▶ _Exercise requirements_: Your copy of the listing should be exact and should contain no pictures.

▶ _Source material_:
————————

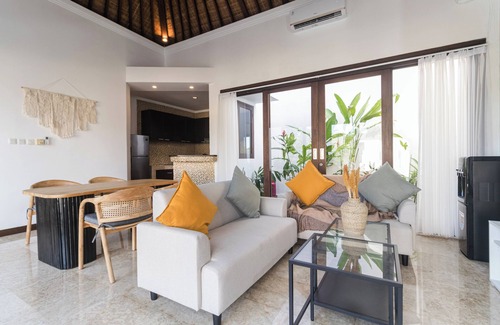 Ungasan Villa | Tropical, 2 Bedroom in Ungasan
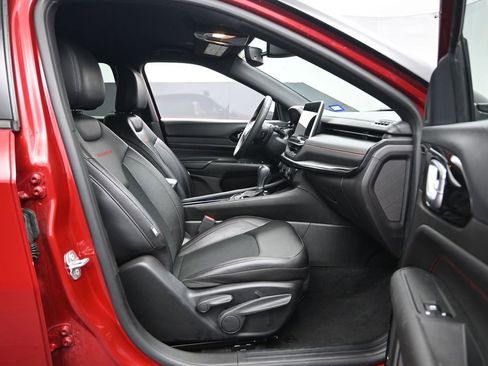 Used 2025 Jeep Compass Trailhawk AWD/4WD image 27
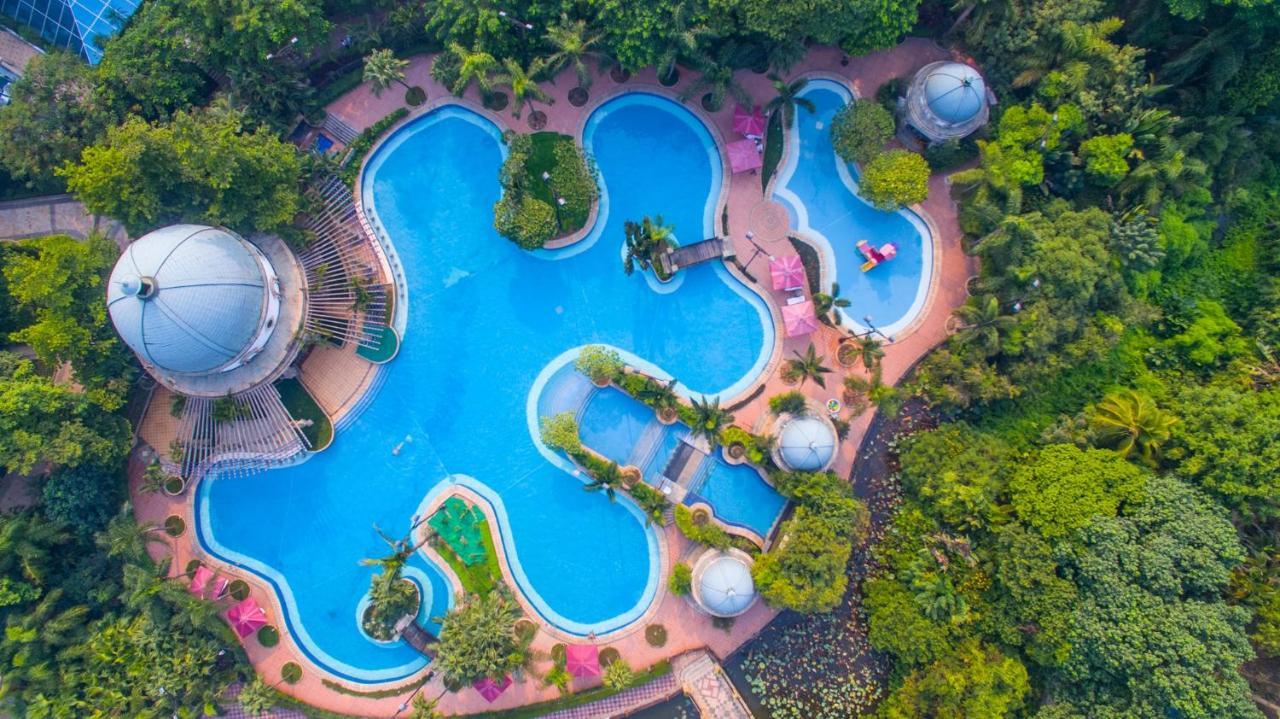 Phoenix Hotel 5*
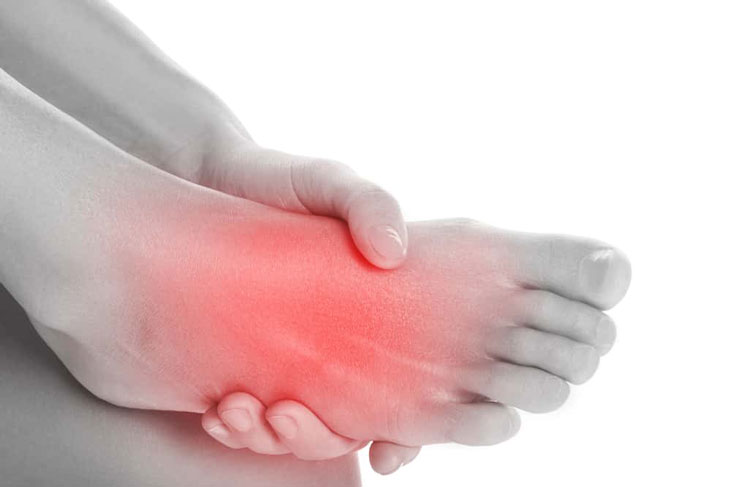 Đau bàn chân: Nguyên nhân, biến chứng và cách điều trị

————————

▶ _Your response_:
 Ungasan Villa | Tropical, 2 Bedroom in Ungasan
 Used 2025 Jeep Compass Trailhawk AWD/4WD image 27
 Phoenix Hotel 5*
 Đau bàn chân: Nguyên nhân, biến chứng và cách điều trị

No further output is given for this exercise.